(Sharecast News) - Analysts at RBC Capital Markets upgraded their rating on shares of CMC Markets from 'speculative risk' to 'outperform' on Thursday following the group's first-half pre-close update.
CMC Markets raised its forecast for full-year operating profits on the back of the "strong" net trading revenues observed during the first half of its financial year 2020 thanks to higher income from its technology business and higher sales from its white-label stockbroking business.
For the six months ended 30 September, the firm said revenues from its stockbroking business were expected to reach roughly £14.0m, up from £5.5m one year ago, driven by increased sales from the various white-label partnerships it had in Australia, of which ANZ Bank was the biggest.
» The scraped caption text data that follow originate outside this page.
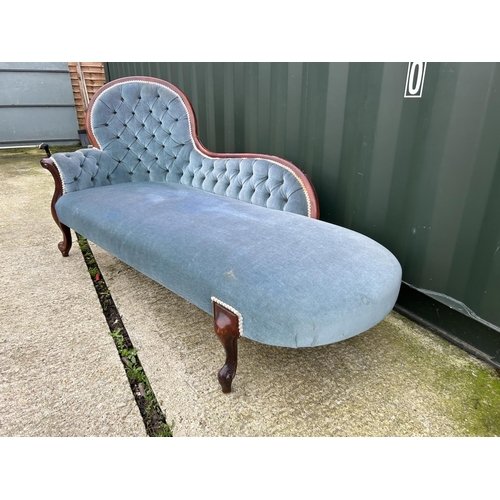 261 - A Victorian style mahogany, blue upholstered chaise longue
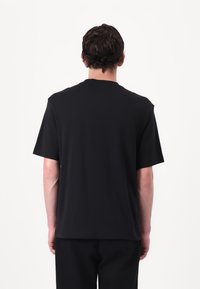 Sort kortærmet t-shirt, afslappet pasform, blødt bomuldsstof, rund hals, glat tekstur, ingen mønstre eller synlig branding. Bageste udsigt vist.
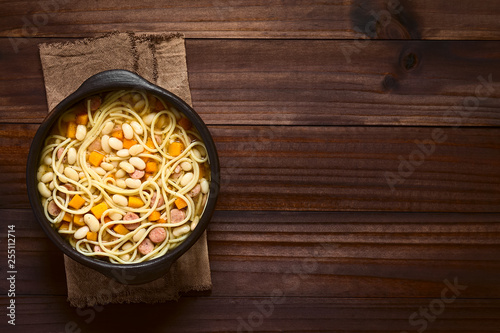 Chilean traditional Porotos con Riendas (beans with reins) dish of cooked dried beans with pumpkin, onion, spaghetti and sausage, photographed overhead on dark wood with natural light photo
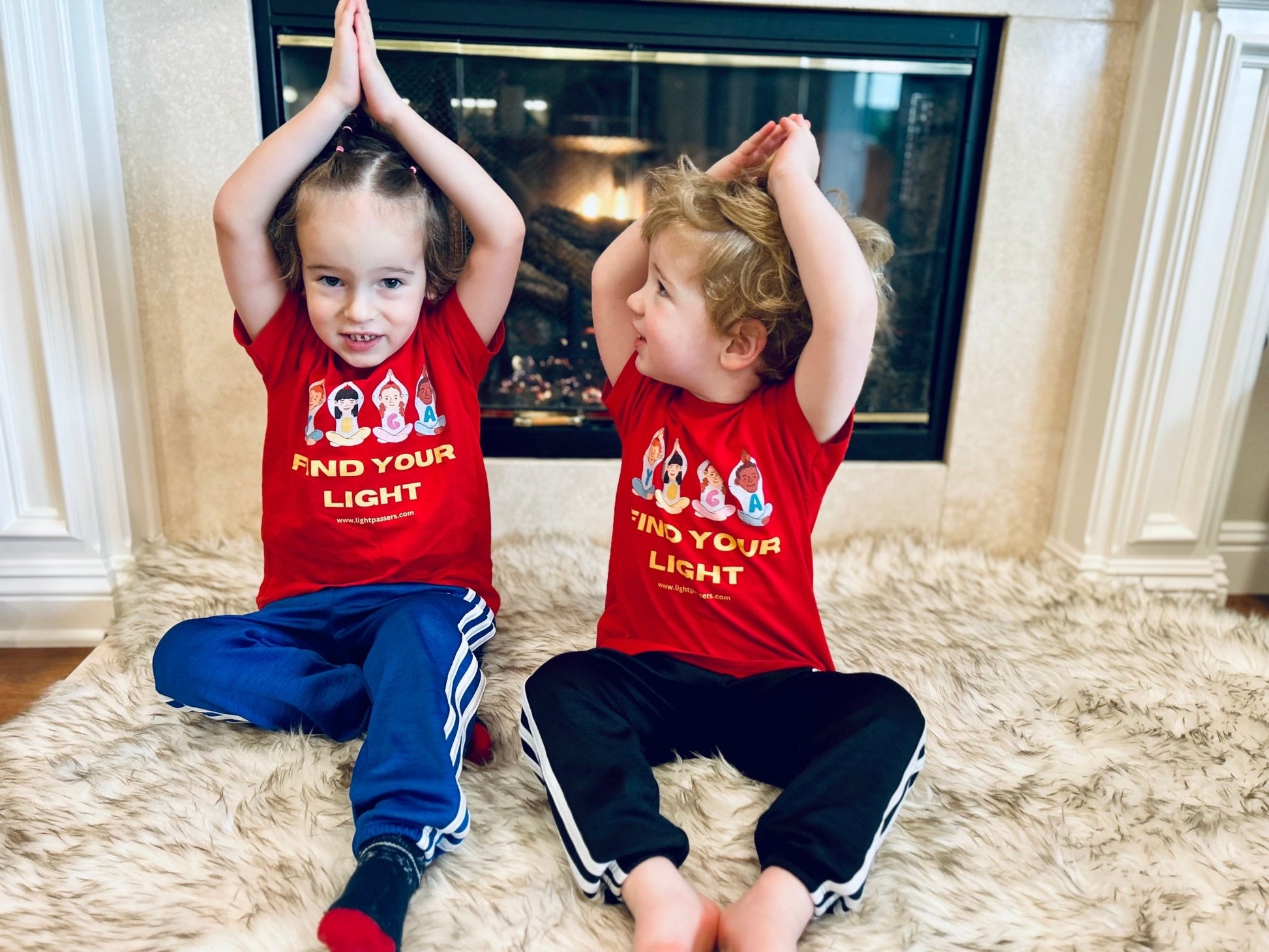 A toddler wearing a red shirt with cartoon girls on it, sitting on a fur rug. The tee is soft, durable, and made of 100% combed cotton for sensitive skin.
RBC Capital Markets said that following a "challenging" 2019 trading year, CMC Markets' first-half update suggested a "strong rebound in profit", leading its recommendation for the firm's shares.
The Canadian broker also believed regulatory risks to the company's earnings trajectory were "more than reflected in the share price" and pointed to some "substantial" upside potential.
RBC, which bumped its price target on CMC up to 125p from 120p, highlighted an "encouraging" 150% increase in stockbroking revenue for CMC Markets, with white label partnerships in Australia said to be the key driver.
Lastly, the analysts pointed out that 2020 was the first full-year where CMC's ANZ transaction would positively contribute for the entire year.
"Following upgraded guidance, we have increased our 2020 stockbroking income in our model by 12%," said RBC.